In 2023, OpenAI started a project called
"Superalignment" to solve the alignment of superintelligences in four
years. It called this an especially important challenge, as it said
superintelligence could be achieved within a decade. Its strategy involved
automating alignment research using AI. The Superalignment team was dissolved
less than a year later.
Other
sources of risk
Bostrom
and others have said that a race to be the first to create AGI could lead to
shortcuts in safety, or even to violent conflict. Roman
Yampolskiy and others warn that a malevolent AGI
could be created by design, for example by a military, a government, a
sociopath, or a corporation, to benefit from, control, or subjugate certain
groups of people, as in cybercrime, or that a
malevolent AGI could choose the goal of increasing human suffering, for example
of those people who did not assist it during the information explosion phase.
Suffering
risks
Suffering
risks are sometimes categorized as a subclass
of existential risks. According to some scholars, s-risks warrant serious
consideration as they are not extremely unlikely and can arise from unforeseen
scenarios. Although they may appear speculative, factors such as technological
advancement, power dynamics, and historical precedents indicate that advanced
technology could inadvertently result in substantial suffering. Thus, s-risks
are considered to be a morally urgent matter, despite the possibility of
technological benefits. Sources of possible s-risks include embodied artificial intelligence and superintelligence.
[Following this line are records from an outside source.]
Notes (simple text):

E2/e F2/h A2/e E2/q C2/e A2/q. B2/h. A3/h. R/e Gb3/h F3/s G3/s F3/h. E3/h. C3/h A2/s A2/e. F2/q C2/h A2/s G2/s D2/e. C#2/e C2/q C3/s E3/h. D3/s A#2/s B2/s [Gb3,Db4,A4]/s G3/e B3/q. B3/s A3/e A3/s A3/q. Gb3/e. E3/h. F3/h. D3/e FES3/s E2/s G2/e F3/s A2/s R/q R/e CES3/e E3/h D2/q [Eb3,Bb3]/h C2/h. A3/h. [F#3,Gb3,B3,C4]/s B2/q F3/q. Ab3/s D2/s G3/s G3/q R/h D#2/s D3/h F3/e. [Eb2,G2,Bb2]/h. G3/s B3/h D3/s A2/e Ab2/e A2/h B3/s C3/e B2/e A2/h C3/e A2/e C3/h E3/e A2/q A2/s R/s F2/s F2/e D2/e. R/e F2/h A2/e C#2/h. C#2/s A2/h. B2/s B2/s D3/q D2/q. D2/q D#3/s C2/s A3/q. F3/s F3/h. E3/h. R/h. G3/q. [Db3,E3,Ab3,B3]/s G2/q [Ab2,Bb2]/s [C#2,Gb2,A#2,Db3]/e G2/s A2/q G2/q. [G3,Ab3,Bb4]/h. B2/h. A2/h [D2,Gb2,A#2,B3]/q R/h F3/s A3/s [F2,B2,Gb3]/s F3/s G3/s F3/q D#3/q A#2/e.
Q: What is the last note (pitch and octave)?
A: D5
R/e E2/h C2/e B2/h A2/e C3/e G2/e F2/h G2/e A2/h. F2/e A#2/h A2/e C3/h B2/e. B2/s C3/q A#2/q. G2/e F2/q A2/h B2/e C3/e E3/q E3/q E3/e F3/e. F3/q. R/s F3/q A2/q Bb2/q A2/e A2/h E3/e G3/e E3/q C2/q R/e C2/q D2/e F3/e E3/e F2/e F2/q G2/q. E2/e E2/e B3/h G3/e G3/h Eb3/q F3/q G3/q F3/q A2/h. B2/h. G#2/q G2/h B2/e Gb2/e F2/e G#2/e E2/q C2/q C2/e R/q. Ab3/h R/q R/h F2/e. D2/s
Artificial intelligence is central to s-risk discussions because it may
eventually enable powerful actors to control vast technological systems. In a
worst-case scenario, AI could be used to create systems of perpetual suffering,
such as a totalitarian regime expanding across space. Additionally,
s-risks might arise incidentally, such as through AI-driven simulations of
conscious beings experiencing suffering, or from economic activities that
disregard the well-being of nonhuman or digital minds. Steven Umbrello,
an AI
ethics researcher, has warned that biological computing may
make system
design more prone to s-risks. Brian Tomasik
has argued that astronomical suffering could emerge from solving the AI
alignment problem incompletely. He argues for the
possibility of a "near miss" scenario, where a superintelligent AI
that is slightly misaligned has the maximum likelihood of causing astronomical
suffering, compared to a completely unaligned AI.
People’s Perspectives
on AI
The
thesis that AI could pose an existential risk provokes a wide range of
reactions in the scientific community and in the public at large, but many of
the opposing viewpoints share common ground.
Observers
tend to agree that AI has significant potential to improve
society. The Asilomar AI Principles, which contain only those principles agreed to by 90% of the
attendees of the Future of Life Institute's Beneficial AI 2017 conference, also agree in principle that "There being no
consensus, we should avoid strong assumptions regarding upper limits on future
AI capabilities" and "Advanced AI could represent a profound change
in the history of life on Earth, and should be planned for and managed with
commensurate care and resources."
AI Mitigation
Many
scholars concerned about AGI existential risk believe that extensive research
into the "control problem" is essential. This problem involves
determining which safeguards, algorithms, or architectures can be implemented
to increase the likelihood that a recursively-improving AI remains friendly
after achieving superintelligence. Social measures are also proposed to
mitigate AGI risks, such as a UN-sponsored "Benevolent AGI
Treaty" to ensure that only altruistic AGIs are
created. Additionally, an arms control approach and a global peace treaty
grounded in international relations theory have been suggested, potentially for an artificial
superintelligence to be a signatory.